We’ve got some words from TBDM’s frontman Trevor Strnad regarding the upcoming The Black Dahlia Murder album (interview taken from KaaosTV). Please see below…

“The writing was still taken care of Ryan [Knight] and Brian [Eschbach] — the guitar players. It was split pretty much 50/50 — pretty much like ‘Ritual’ [2011] was; half the songs by Ryan, half the songs by Brian. I think what Max [Lavelle, bass] brought to this record is a really, really crushing bass sound that’s a little bit new for us, like a little bit more overdriven and distorted and it’s really energetic and heavy as fuck. And Max killed it in the studio; he did great.

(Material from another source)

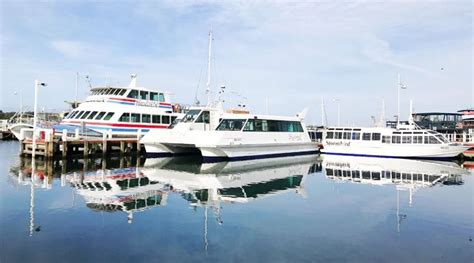 Lakes Entrance - Peels Cruises - East Gippsland - Outside Melbourne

[New drummer] Alan [Cassidy] also did great. He didn’t really have as much time to study the songs, because he came into the band so quickly, you know what I mean?! We needed him to come on tour with us to take Shannon’s [Lucas] place, and things worked out so great with him that we asked him to stay. But he had to learn the songs for the album really fast. He was at home in Wyoming playing drums for 10 hours a day, he said, getting prepared for the album. He brought a lot to the drums; he’s a got a really awesome style, I think his fills are bit more busy than Shannon’s. I think that there’s gonna be some stuff that makes him really stand out and will get people excited about him. ‘Cause I know right now people are, like, ‘Wow, they suffered a huge loss, losing Shannon.’ Shannon is a great drummer, definitely, but he’s gonna like what Alan has done on this record, too; it’s really impressive stuff and I definitely feel like we found the right guy for the band. So his playing is exciting and people are gonna take notice, for sure, as soon as that record drops. And I’m excited to get it out for that reason, you know — to kind of say to everyone, ‘We’re back.’

think. The biggest change for me, writing ‘Ritual’, was having more surprises in the songs and more dynamics — buildups, some quiet parts, samples, different kinds of instruments incorporated into the album. That has all carried over to this new one. And better solos, more solos, more time to solo. Ryan’s guitar work on this album is mindblowing. He shocks us, pretty much, every time we come back to do an album with what he’s learned and he really sets the bar high for himself. So there’s definitely some fretboard fireworks on this one. I don’t know, man. People that liked ‘Ritual’, I think they’re gonna love the new one; it’s just us taking it further — darker music, more melody…. The melody that was really prevalent in ‘Ritual’ is there. But there’s also some heavy stuff, too — some slow, Morbid Angel-esque kind of slimy stuff. So I think people are gonna be really happy with it… [It’s[ a good mixture of all things Dahlia. We [wanted to] keep it kind of raw with the mix — not too polished. Keep things sounding ‘real’ — like ‘Ritual’ was; I think that was a good move.”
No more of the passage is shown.